Salariés, patrons, actionnaires, politiques : qui est le plus fort aujourd’hui en France ?


Les traditionnelles manifestations du 1er mai s'élanceront en portant les revendications classiques des syndicats de salariés. Les dynamiques de confrontation économique sont pourtant complexes et dépendent de facteurs internes aux différents acteurs.

En ce jour de 1er mai, traditionnellement dévolu à la revendication sociale, quelle est la tendance en termes de rapports de forces économiques dans les entreprises entre les patrons, les salariés, les actionnaires et les politiques ? Qui est le mieux à même d'imposer ses points de vue économiques et par quel processus ?

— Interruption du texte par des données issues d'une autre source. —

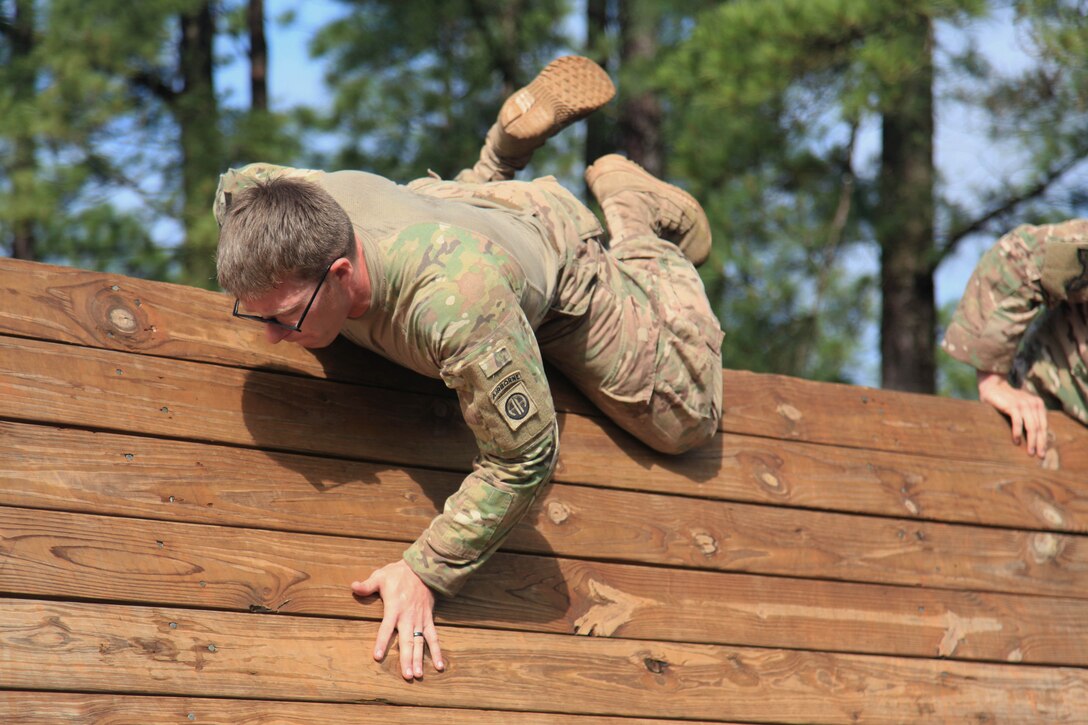 A paratrooper jumps over the high wall obstacle as part of the Best Squad Competition during All American Week at Fort Bragg, N.C., May 22, 2017. Army photo by Staff Sgt. Amber Stephens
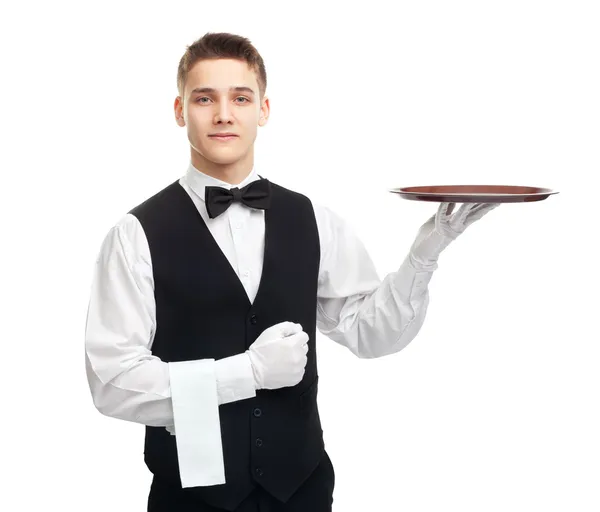 Joven camarero sonriente con bandeja vacía — Foto de Stock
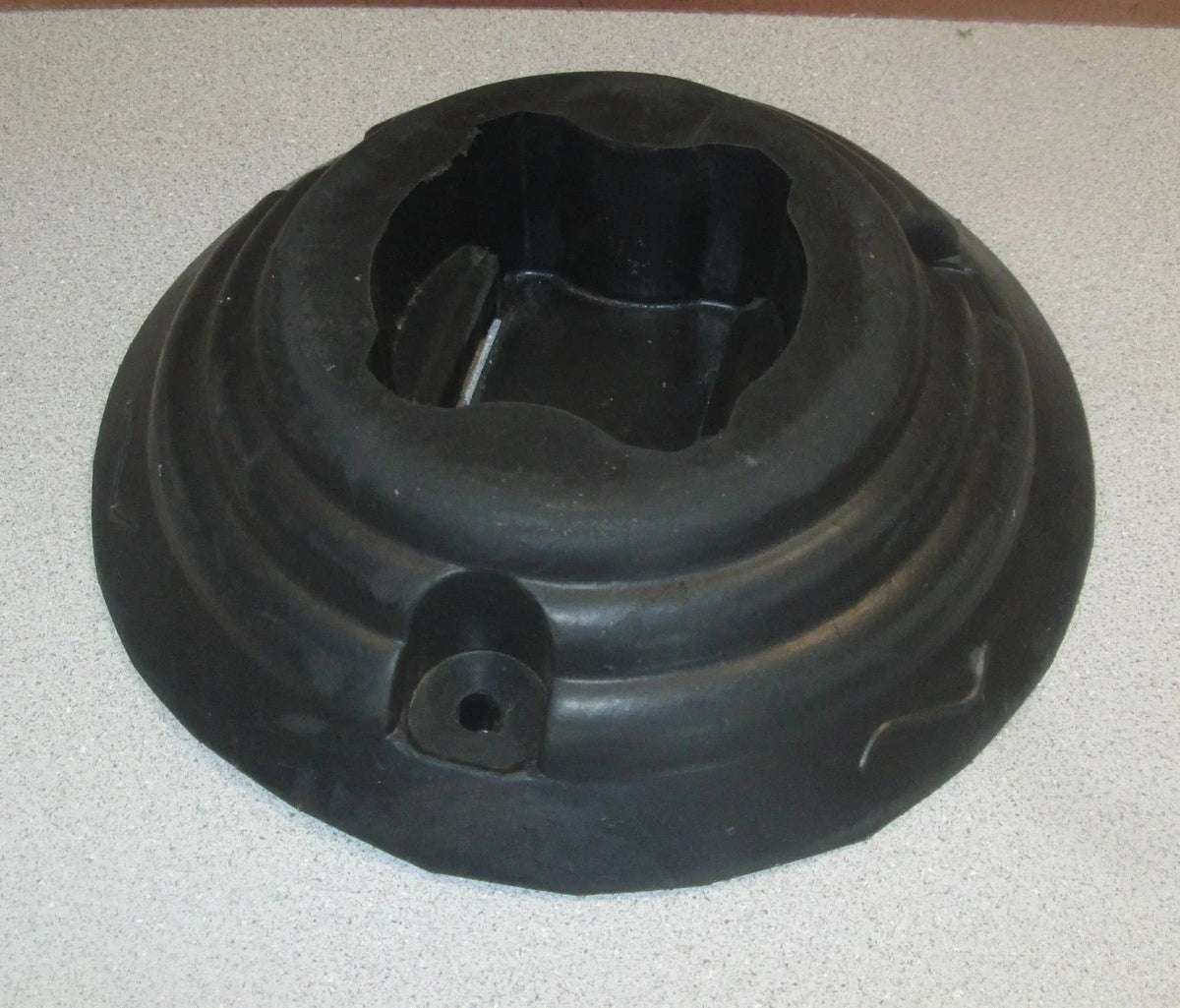 Black rubber tractor part with central opening and mounting holes, compatible with AGCO and EATON equipment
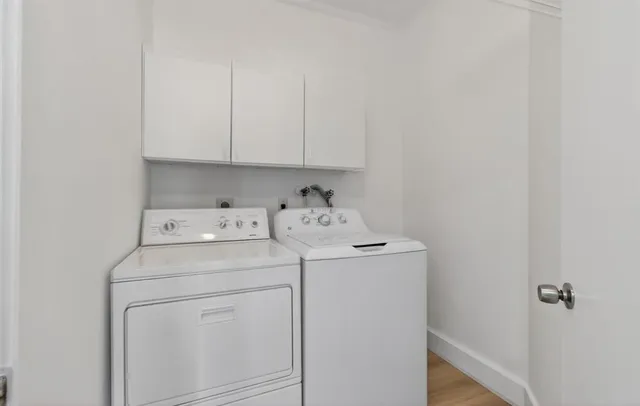 a view of a kitchen with a sink and a cabinets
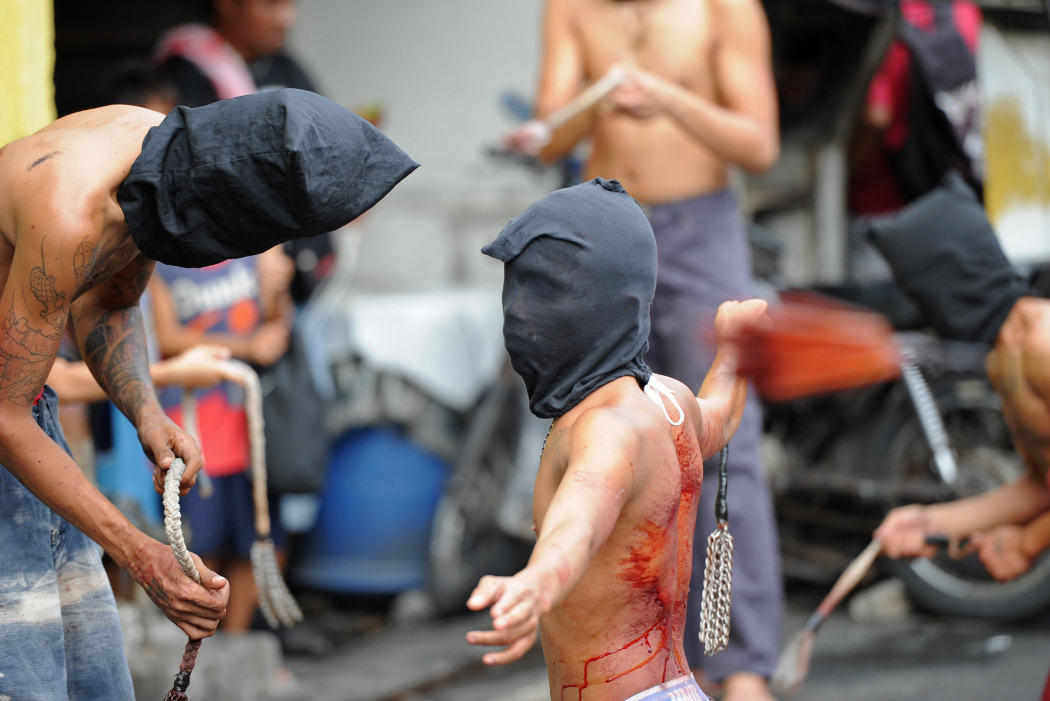 Los penitentes filipinos se flagelan durante la Semana Santa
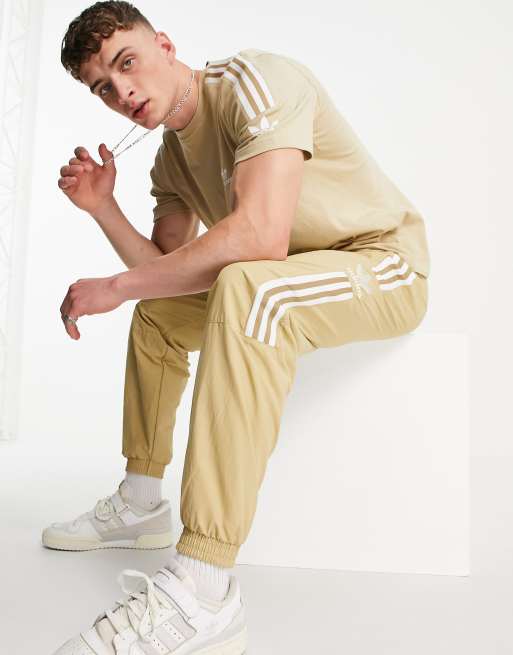 adidas Originals adicolor lock up trackies in beige | ASOS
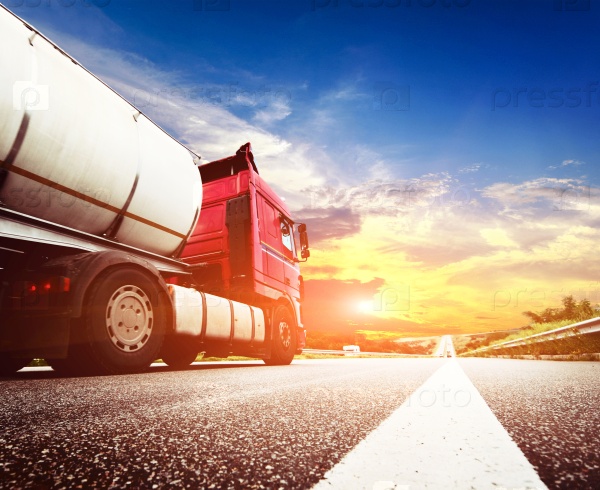 Semi Truck In Motion. Speeding Truck on the Highway. Trucking Business Concept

Jean-Charles Simon : Les périodes de crise et de chômage élevé ne sont évidemment pas très favorables aux revendications des salariés. Pour les politiques, c’est une période complexe. Il ne leur est jamais autant demandé que dans ces temps difficiles, et ils sont pourtant très tributaires de la conjoncture à court terme. Ce qui, bien sûr, ne doit pas les empêcher de réformer en profondeur, bien au contraire.Entre patrons et actionnaires, cela dépend de la façon dont le capital et les droits de vote sont répartis. Ce sont des périodes à risque pour les patrons, surtout dans des entreprises contrôlées et en pleine turbulence économique : on l’a vu chez PSA. Si le capital est très dilué, c’est un autre risque, notamment celui de l’OPA, mais ce peut être aussi plus de temps pour agir car le pouvoir des actionnaires est plus faible.
Augustin Landier : Il faut distinguer deux France, celle des peu qualifiés et celle des très qualifiés. Du côté des peu qualifiés, le taux de chômage est très important, supérieur à 15%, et il continue à monter. Il s’agit donc d’une perte de pouvoir de négociation chez ces catégories qui deviennent  très vulnérables. A l’inverse, en France le marché de l’emploi des cadres fonctionne bien avec un taux de chômage proche du plein emploi (autour de 5%). Et les récents allègements de charges permettent à cette catégorie d’exiger leur part sur la baisse du coût du travail que les réformes récentes ont instauré (surtout en dessous des 3,5 Smic donc).
Dans le rapport patrons/actionnaires, un virage stratégique s’est opéré depuis les années de crise. Les actionnaires veulent penser l’après crise, ils veulent savoir quelle est la stratégie de long terme (on voit par exemple l’importance de la révolution digitale dans les stratégies) et beaucoup de patrons doivent donc expliciter une vision stratégique à leurs actionnaires. Avec la forte tendance aux fusions et aux OPA que l’on constate en ce moment, les managers ont la pression pour pouvoir être plutôt du côté des acquéreurs que de celui des "cibles".  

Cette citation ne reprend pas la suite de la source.